Nesta conjuntura, a Invicta Filme mudou de rumo. A 22 de Novembro de 1917 foi fundada uma nova sociedade tendo como administrador principal Nunes de Matos e como director artístico Henrique Alegria, um português do Brasil e proprietário do cinema Olímpia. Nos seus estatutos não havia quaisquer referências de índole cultural ou artística. Tratava-se, como neles se pode ler, de “promover o fabrico, aluguer e venda de películas cinematográficas”.

Os associados da Invicta Filme eram portuenses e estavam ligados à banca, ao comércio e a diversas profissões liberais. Mas estavam também profundamente ligados à cidade do Porto, tendo inclusivamente recusado facilidades para a construção dos estúdios em Lisboa.
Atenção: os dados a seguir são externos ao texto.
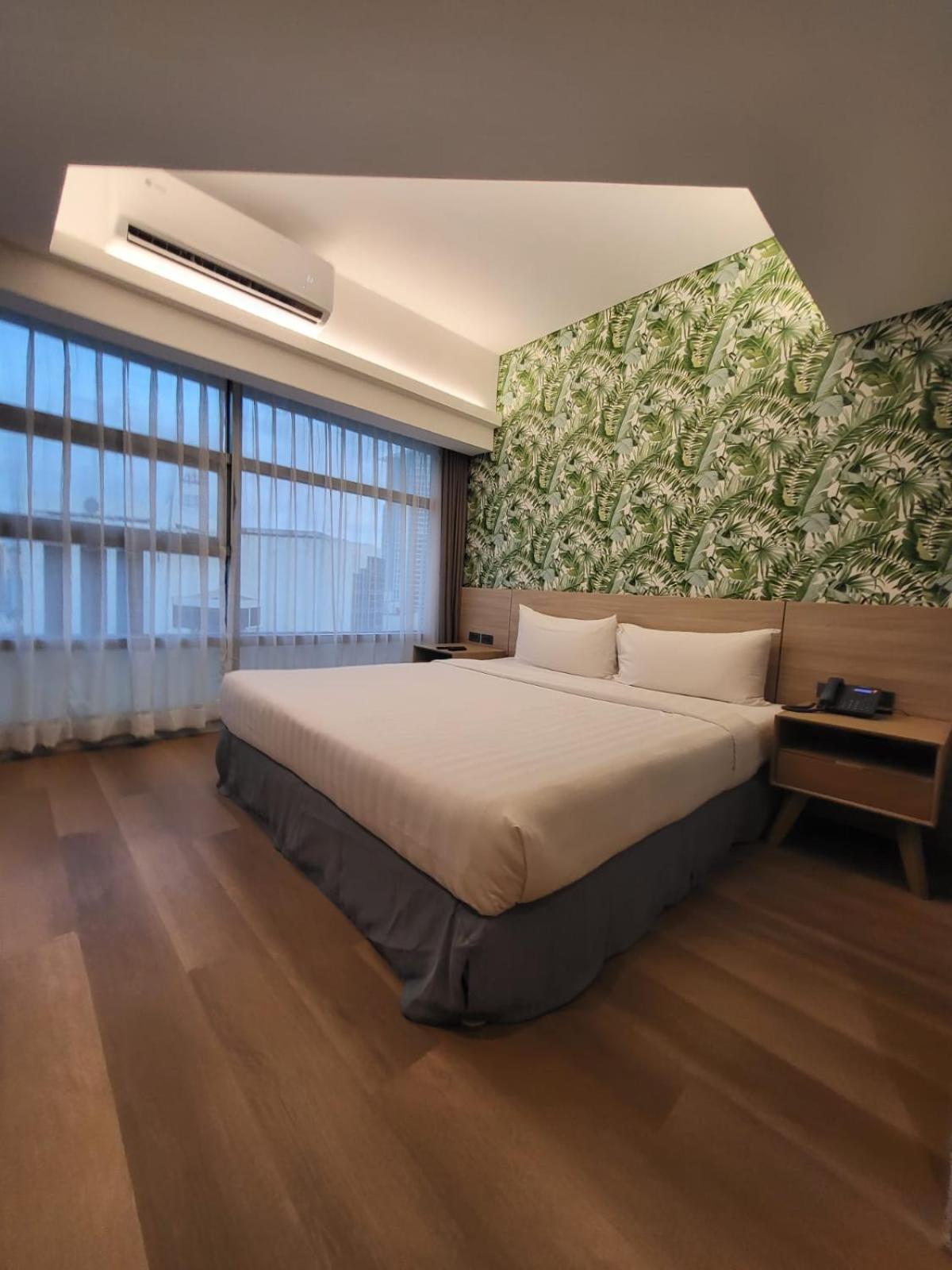 Infinity Tower Suites Makati City Extérieur photo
O próprio nome da empresa é revelador: o Porto, que tem participação decisiva em episódios centrais da História de Portugal, é a cidade Invicta por ter resistido às invasões francesas e aos exércitos absolutistas de D. Miguel.

Que dizer sobre os filmes de enredo desta empresa cuja produção mais significativa principia em 1919 e vai até 1923? Pois, tratando-se de uma empresa comercial, procurou sempre apostar em projectos com garantia de retorno dos investimentos realizados. Nunca se evidenciou, porém, pelo arrojo estético. Georges Pallu, por exemplo, viera do Film d’Art francês e, como assinala João Bénard da Costa, por aí se situariam as melhores expectativas cinéfilas dos seus associados.

Contudo, alguns dos filmes produzidos não só tiveram sucesso, mas também representaram um salto em relação ao que até então se fizera. Estão neste caso fitas de Georges Pallu como Os Fidalgos da Casa Mourisca (1920) e Amor de Perdição (1921), adaptações, respectivamente, de Júlio Dinis e de Camilo Castelo Branco, e Mulheres da Beira (1923) do realizador italiano Rini Lupo. Escreveu Luís de Pina (1978):

“O papel mais relevante desta empresa foi o de ter demonstrado a possibilidade de um cinema de qualidade ‘média’ feito sem demasiada transigência e com evidente preocupação técnica. Nas suas instalações da Quinta da Prelada, no Porto, fez-se cinema a sério com tudo o que isso implica, desde os filmes em si à infraestrutura que os produz e à verdadeira escola de prática que uma produção deste tipo permite.”